> **WHAT YOU WILL DO**
Your output should be the lines below from the one with "What would be" through the one with "Low Specs Experience", copied exactly, pictures excluded.

> **DATA TO PROCESS**
---
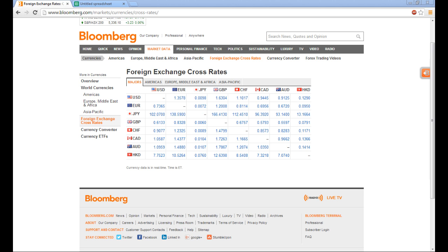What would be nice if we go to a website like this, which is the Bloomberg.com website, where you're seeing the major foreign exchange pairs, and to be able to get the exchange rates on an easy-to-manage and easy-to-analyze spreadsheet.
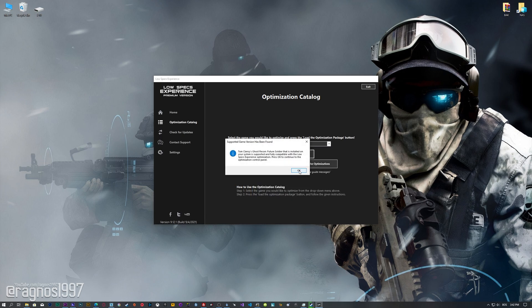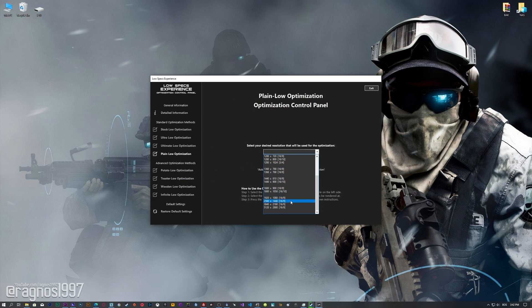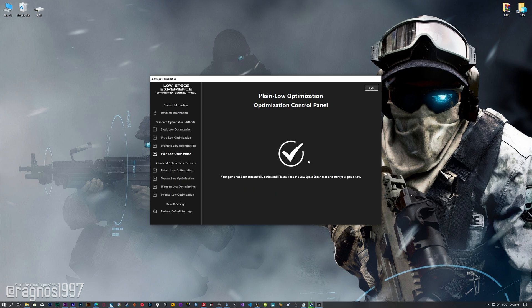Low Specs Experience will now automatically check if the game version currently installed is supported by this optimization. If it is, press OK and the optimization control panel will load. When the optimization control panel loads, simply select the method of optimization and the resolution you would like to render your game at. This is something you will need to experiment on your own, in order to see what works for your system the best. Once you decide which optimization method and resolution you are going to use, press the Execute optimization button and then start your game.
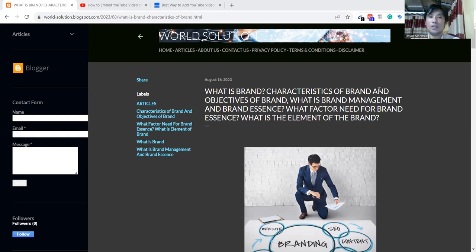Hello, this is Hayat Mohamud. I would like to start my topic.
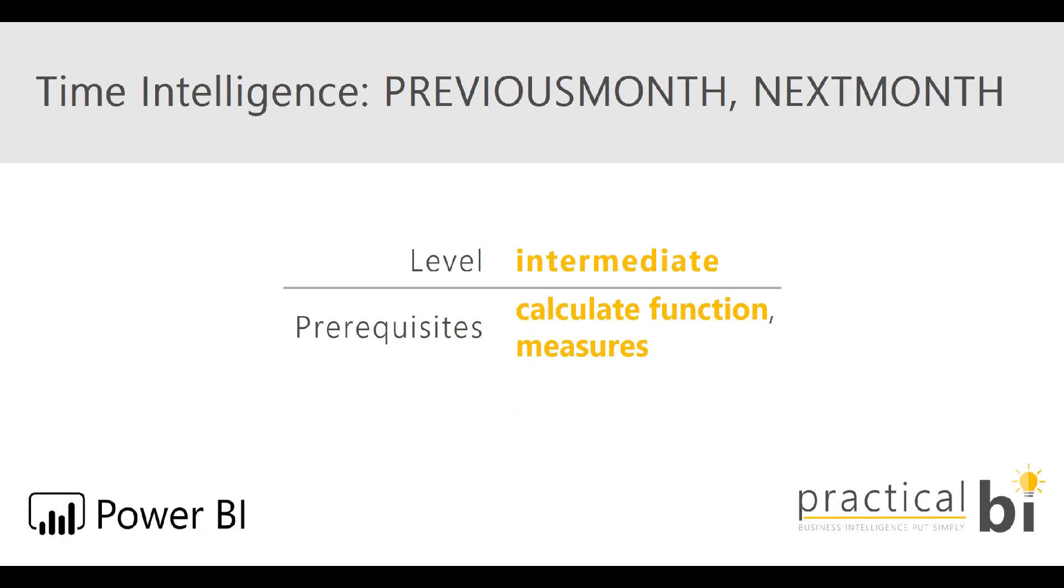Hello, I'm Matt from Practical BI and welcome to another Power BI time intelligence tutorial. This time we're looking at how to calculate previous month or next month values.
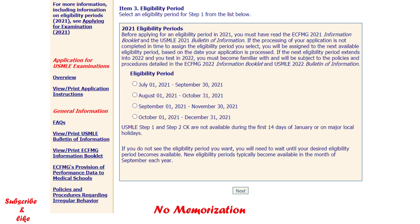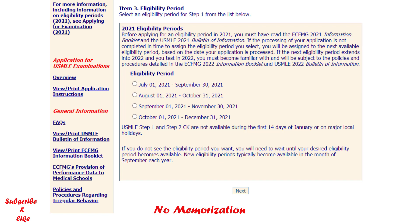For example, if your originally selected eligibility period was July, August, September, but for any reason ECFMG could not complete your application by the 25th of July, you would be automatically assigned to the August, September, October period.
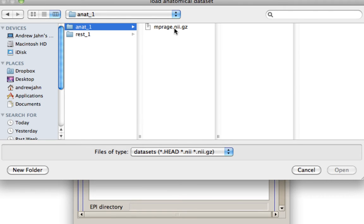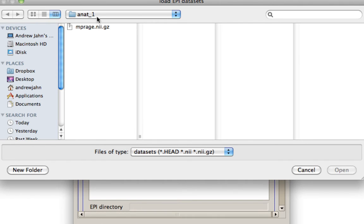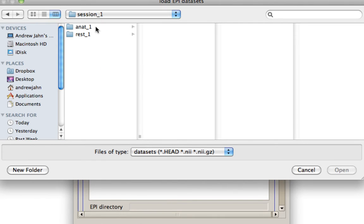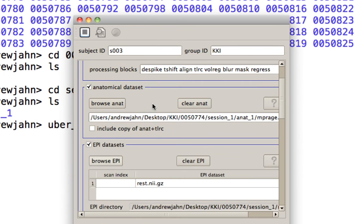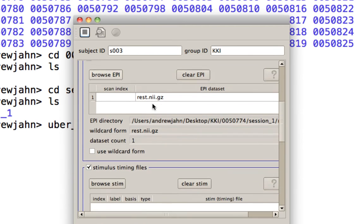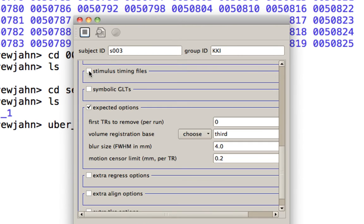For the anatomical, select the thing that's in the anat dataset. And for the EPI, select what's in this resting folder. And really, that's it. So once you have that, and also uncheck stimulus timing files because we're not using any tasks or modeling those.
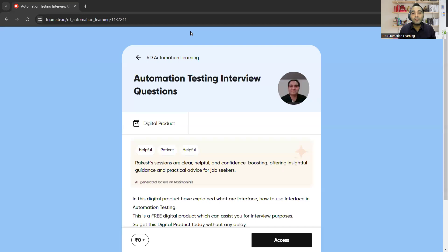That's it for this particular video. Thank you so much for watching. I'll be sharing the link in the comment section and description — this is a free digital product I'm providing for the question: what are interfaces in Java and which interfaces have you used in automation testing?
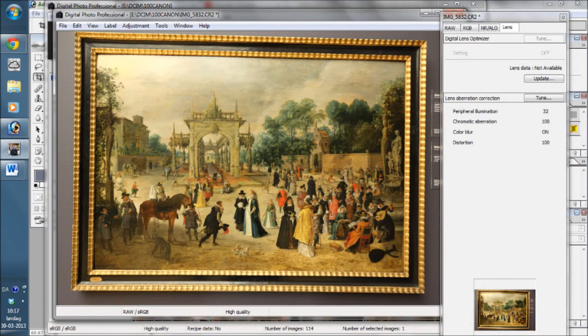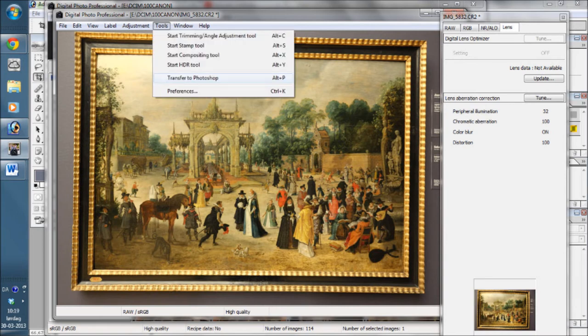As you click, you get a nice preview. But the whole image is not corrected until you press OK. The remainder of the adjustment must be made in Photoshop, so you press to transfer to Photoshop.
---
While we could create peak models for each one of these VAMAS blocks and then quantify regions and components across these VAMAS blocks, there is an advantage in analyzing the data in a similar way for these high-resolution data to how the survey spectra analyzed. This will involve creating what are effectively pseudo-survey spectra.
---
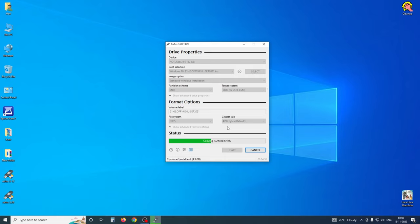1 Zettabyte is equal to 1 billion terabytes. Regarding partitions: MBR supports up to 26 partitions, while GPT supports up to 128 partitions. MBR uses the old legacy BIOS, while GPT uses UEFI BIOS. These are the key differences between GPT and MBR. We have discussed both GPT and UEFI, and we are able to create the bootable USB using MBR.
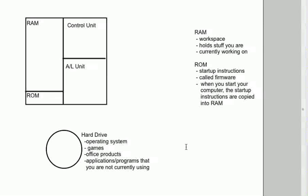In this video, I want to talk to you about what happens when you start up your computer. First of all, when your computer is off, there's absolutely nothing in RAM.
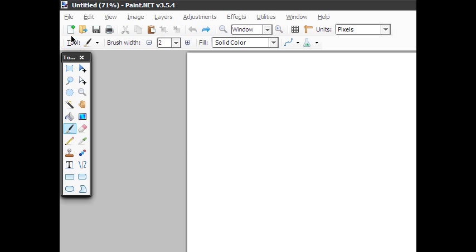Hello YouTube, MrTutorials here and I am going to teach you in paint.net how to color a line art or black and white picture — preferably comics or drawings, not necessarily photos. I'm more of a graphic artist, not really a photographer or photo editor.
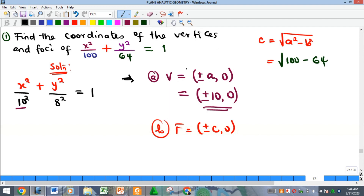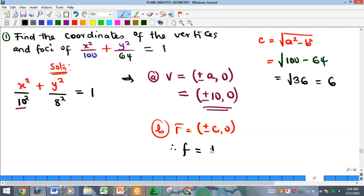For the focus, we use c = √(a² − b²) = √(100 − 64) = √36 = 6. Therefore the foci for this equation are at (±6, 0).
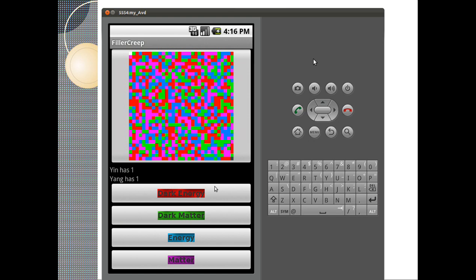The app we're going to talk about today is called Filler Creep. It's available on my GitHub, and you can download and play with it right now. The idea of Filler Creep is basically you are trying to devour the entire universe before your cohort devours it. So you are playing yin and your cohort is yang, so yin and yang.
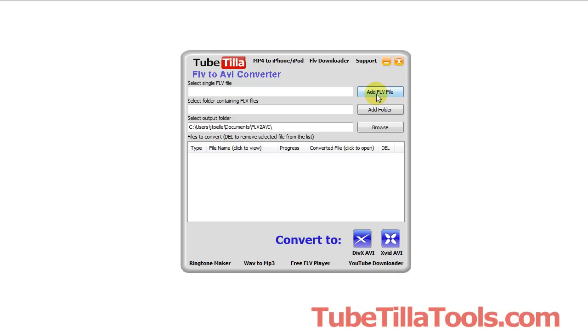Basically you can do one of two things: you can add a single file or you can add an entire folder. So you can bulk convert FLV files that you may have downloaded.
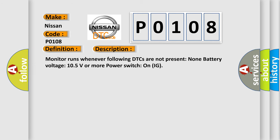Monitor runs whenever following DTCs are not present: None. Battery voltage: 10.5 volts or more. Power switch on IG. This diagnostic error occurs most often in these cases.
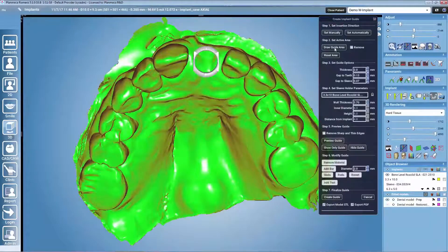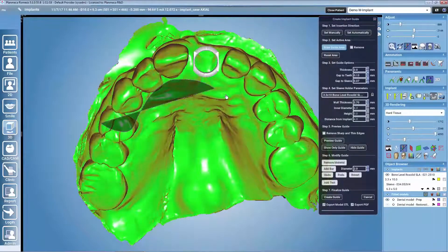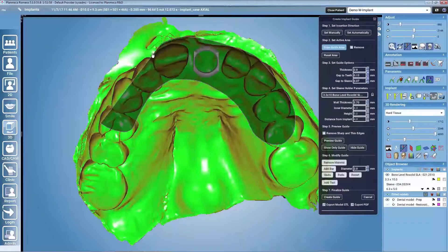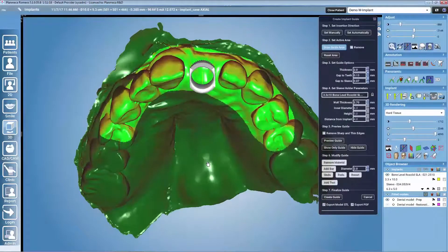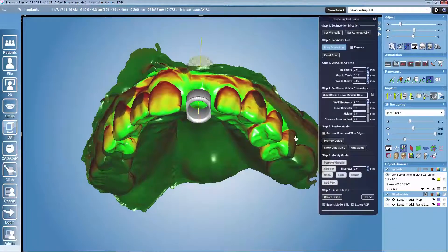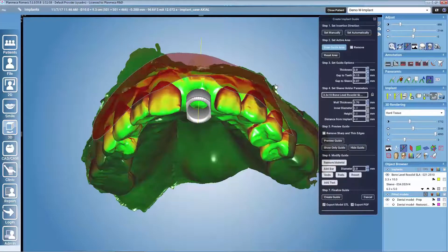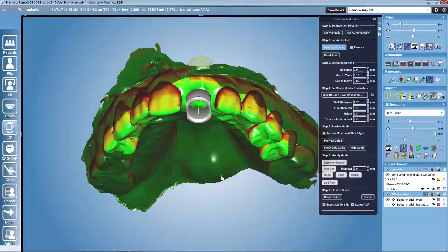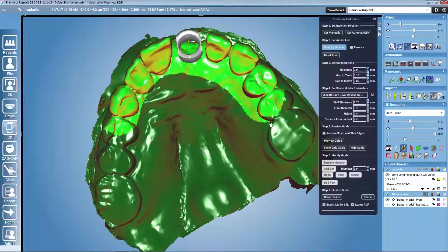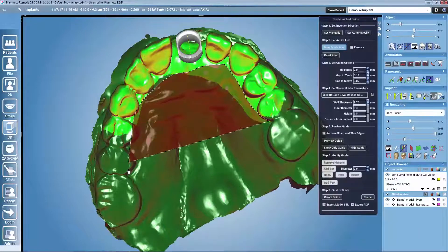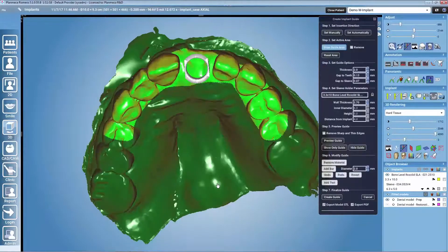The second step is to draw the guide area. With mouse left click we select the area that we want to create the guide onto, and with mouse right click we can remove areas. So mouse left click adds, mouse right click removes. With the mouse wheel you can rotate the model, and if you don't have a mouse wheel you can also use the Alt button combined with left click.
---
> **OUTPUT**
What would be nice if we go to a website like this, which is the Bloomberg.com website, where you're seeing the major foreign exchange pairs, and to be able to get the exchange rates on an easy-to-manage and easy-to-analyze spreadsheet.
Low Specs Experience will now automatically check if the game version currently installed is supported by this optimization. If it is, press OK and the optimization control panel will load. When the optimization control panel loads, simply select the method of optimization and the resolution you would like to render your game at. This is something you will need to experiment on your own, in order to see what works for your system the best. Once you decide which optimization method and resolution you are going to use, press the Execute optimization button and then start your game.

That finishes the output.